Why do Data Quality Programs Fail? Syndication Cloud

Photo from Unsplash

Originally Posted On: https://firsteigen.com/blog/why-do-data-quality-programs-fail/

Fortune 1000 organizations spend approximately $5 billion each year to improve the trustworthiness of data. Yet only 42 percent of the executives trust their data. According to multiple surveys, executives across industries do not completely trust the data in their organization for accurate, timely business critical decision-making. In addition, organizations routinely incur operational losses, regulatory fines, and reputational damages because of data quality errors.

Per Gartner, companies lose on an average $14 million per year because of poor data quality.

These are startling facts – given that most Fortune 500 organizations have been investing heavily in people, processes, best practices, and software to improve the quality of the data.

Despite heroic efforts by data quality teams – data quality programs simply failed to deliver a meaningful return on investments.

This failure can be attributed to primarily following two factors:

Iceberg Syndrome: In our experience, data quality programs in most organizations focus on what they can easily see as data risk based on past experiences which is only the tip of the iceberg. Completeness, integrity, duplicate, and range checks are the most common types of checks implemented. While these checks help in detecting data errors – they represent only 20% of the data risk universe.

Data Deluge: The number of data sources, data processes, and applications have increased exponentially in recent times due to the rapid adoption of cloud technology, big data application, and analytics. Each of these data assets and process requires adequate data quality control to prevent data errors in the downstream processes.

While the data engineering teams can onboard hundreds of data assets in weeks, Data Quality teams usually take between one to two weeks to establish a data quality check for a data asset.
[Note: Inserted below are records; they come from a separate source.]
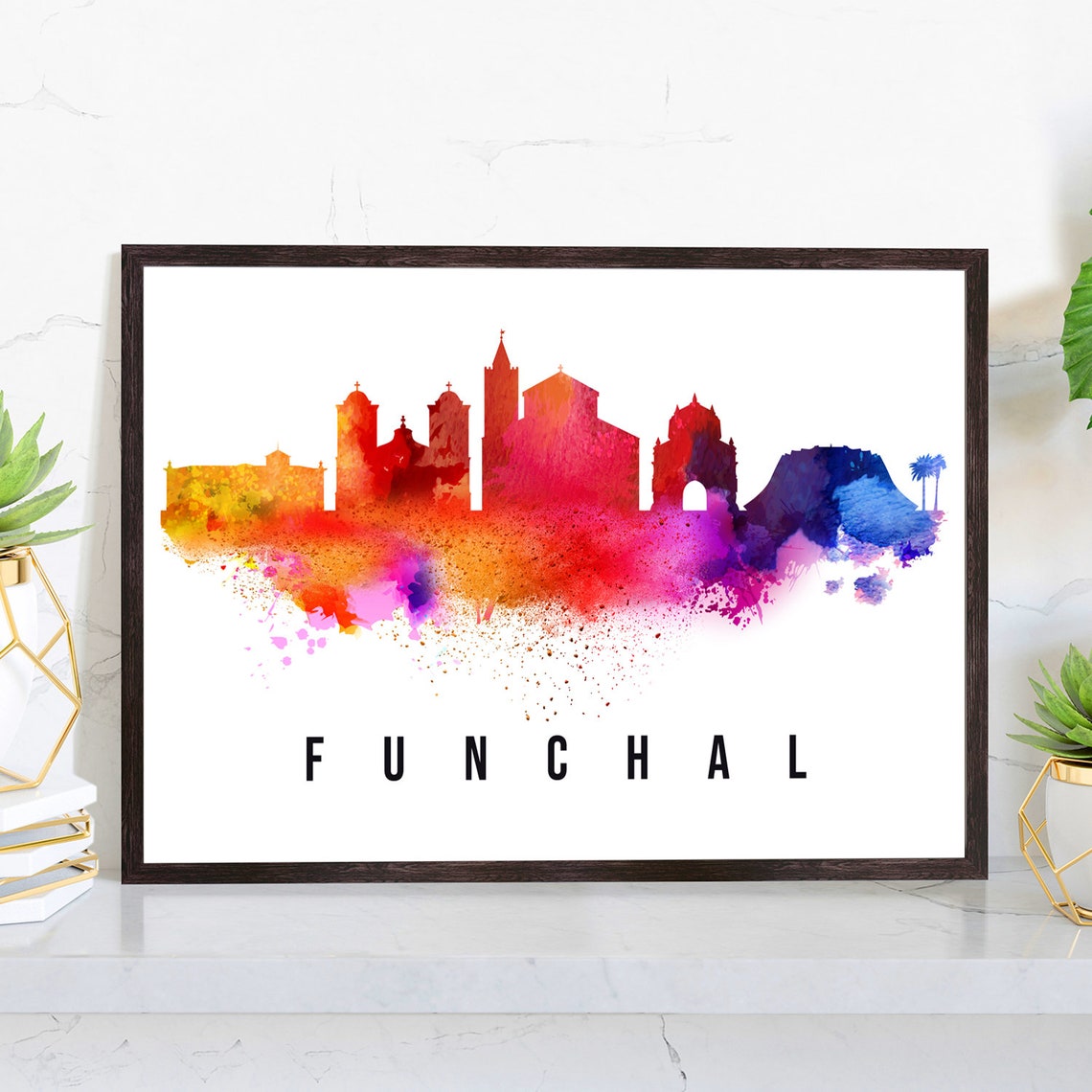 Funchal Portugal Poster Skyline Poster Cityscape Poster Portugal Landmark City Illustration Poster Home Wall Art Office Wall Art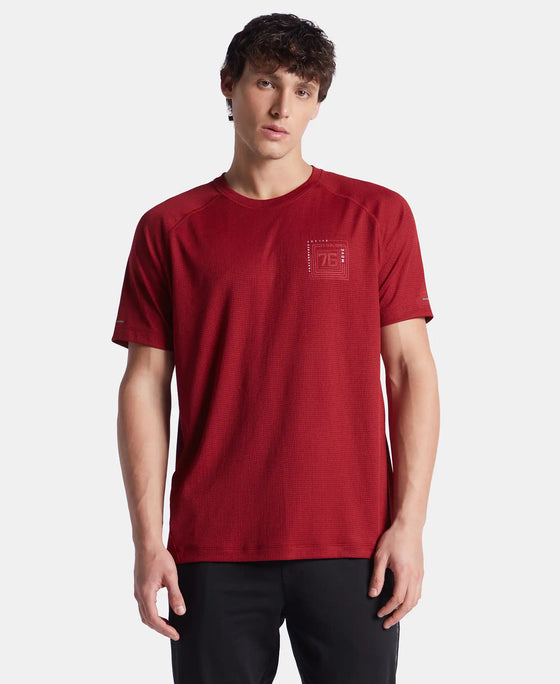Lightweight Microfiber Round Neck Half Sleeve Printed T-Shirt with Breathable Mesh - Sundried Tomato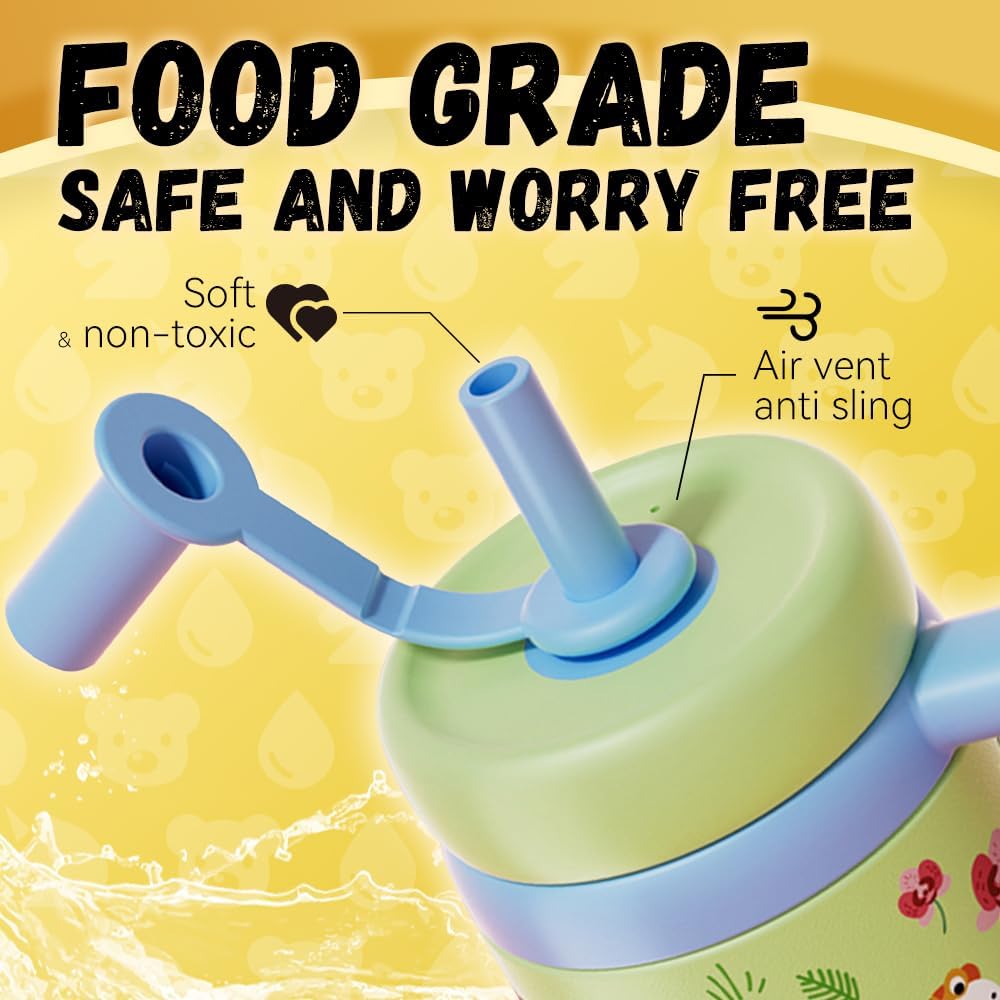 Whale Fountain Tumbler - 24oz Stainless Steel Whale Fountain Tumbler with Handle,Water Cup with Straw and Lid for Adults Kids (Dinosaurs)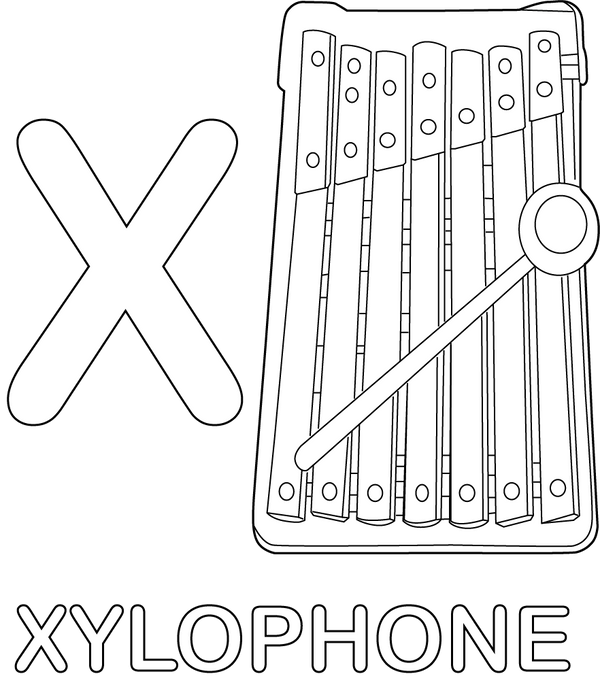 X for Xylophone coloring page – fun and educational printable for children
As a result, data quality teams prioritize data assets for data quality rule implementation leaving many data assets without any type of data quality controls.

DataBuck from FirstEigen addresses these issues for the modern data stack (e.g. AWS S3, GCP, Azure Data Lake) and data warehouse (Snowflake) environment.
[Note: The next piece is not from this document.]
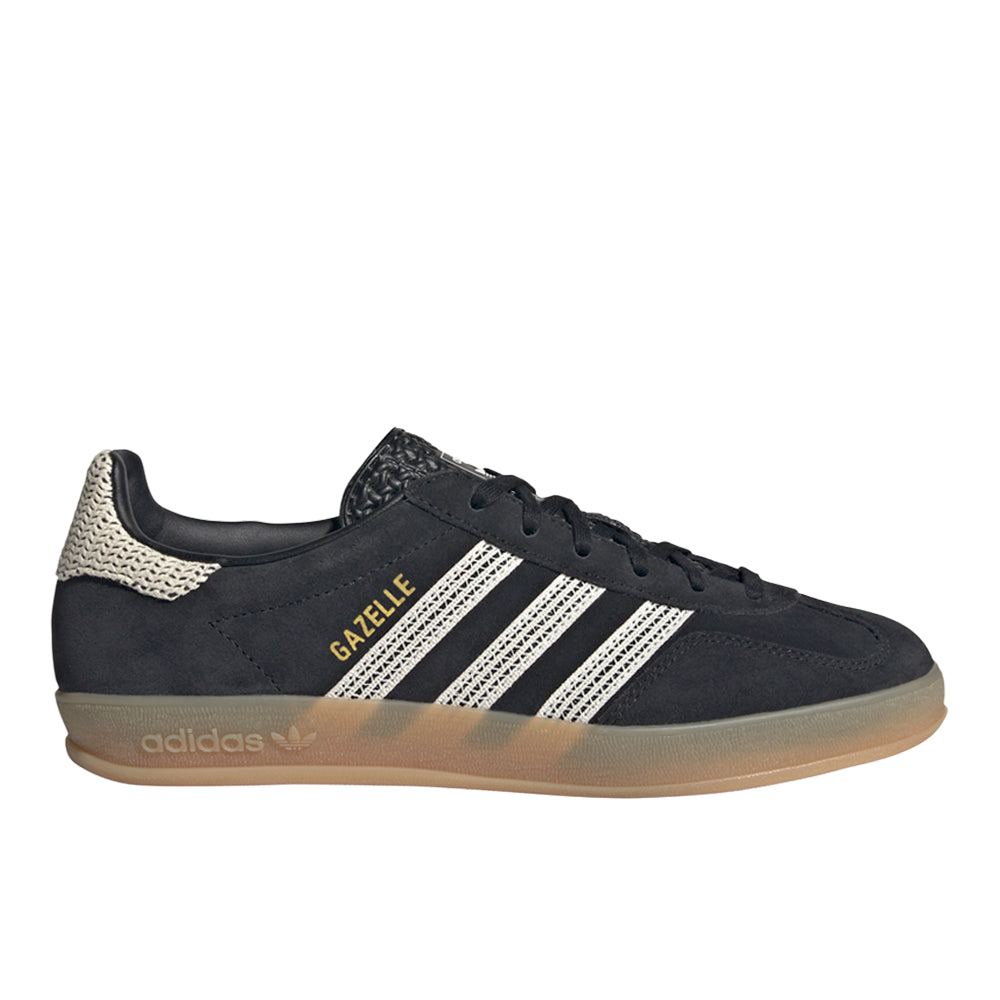 black leather gazelles womens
Addressing Invisible Risks

DataBuck establishes a data fingerprint and an objective data trust score for each data asset (Schema, Tables, Columns) presents in Data Lake and Data Warehouse.
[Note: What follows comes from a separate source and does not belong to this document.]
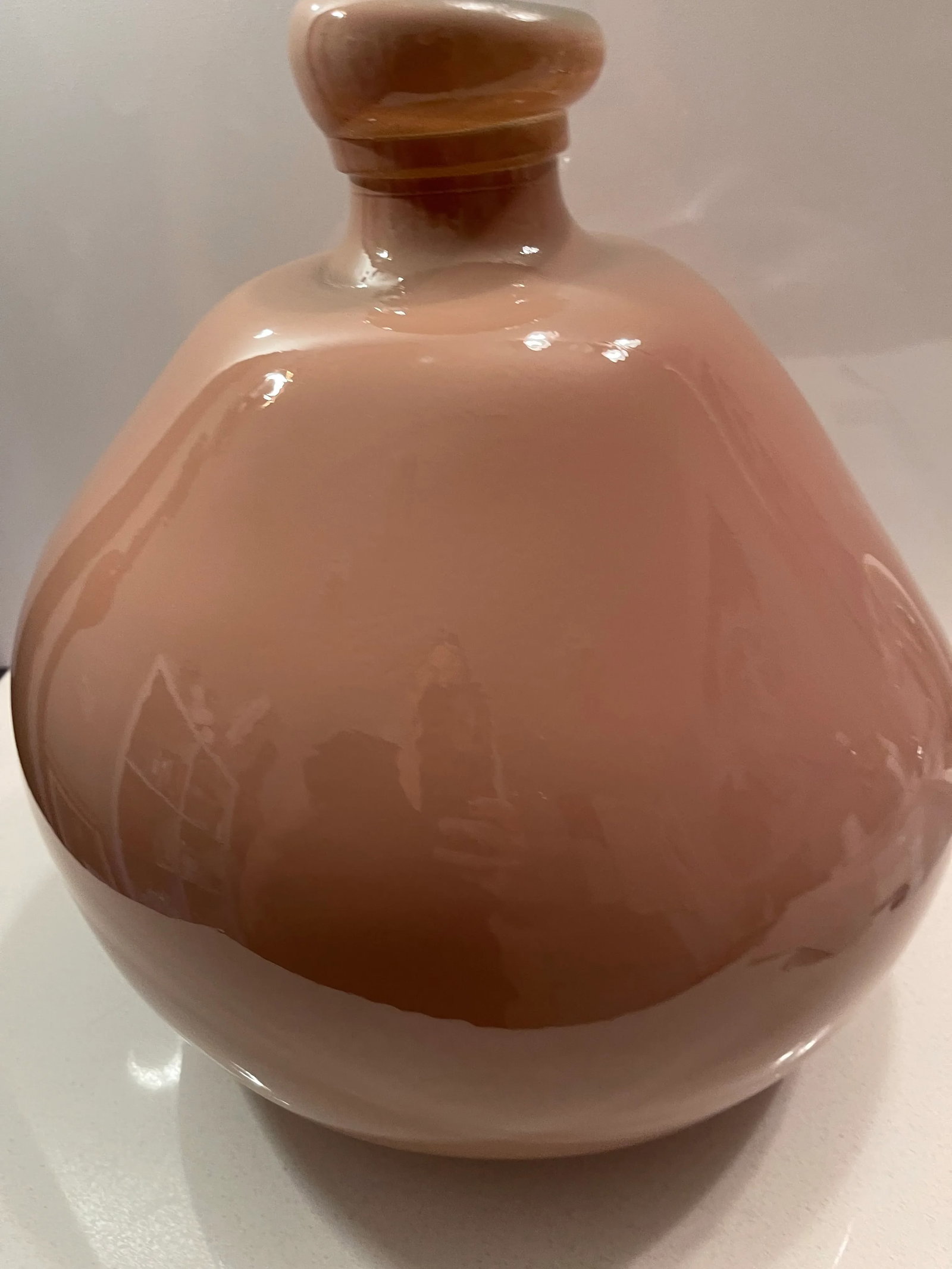 Mauve Ovular Glass Vase, Handmade of Recycled Glass, Spain - 10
More specifically, it leverages machine learning to identify data risks through the lens of standardized data quality dimensions as shown below:

Freshness — determine if the data has arrived before the next step of the process
Completeness — determine the completeness of contextually important fields. Various mathematical and machine learning techniques should identify Contextually important fields.
Conformity — determine conformity to a pattern, length, and format of contextually important fields.
Uniqueness — determine the uniqueness of the individual records.
Relationship – determine conformity to the intercolumn relationship within micro-segments of data
Drift — determine the drift of the key categorical and continuous fields from the historical information
Anomaly — determine volume and value anomaly of critical columns

Addressing Productivity Issues

With DataBuck, data owners do not need to write data validation rules or engage the data engineers to perform any tasks. DataBuck uses machine learning algorithms to generate an 11-vector data fingerprint to identify records with issues.

Summary

Data is the most valuable asset for modern organizations. Current approaches for validating data, in particular Data Lake and Data Warehouses, are full of operational challenges leading to trust deficiency, time-consuming, and costly methods for fixing data errors. There is an urgent need to adopt a standardized ML-based approach for validating the data to prevent data warehouses from becoming a data swamp.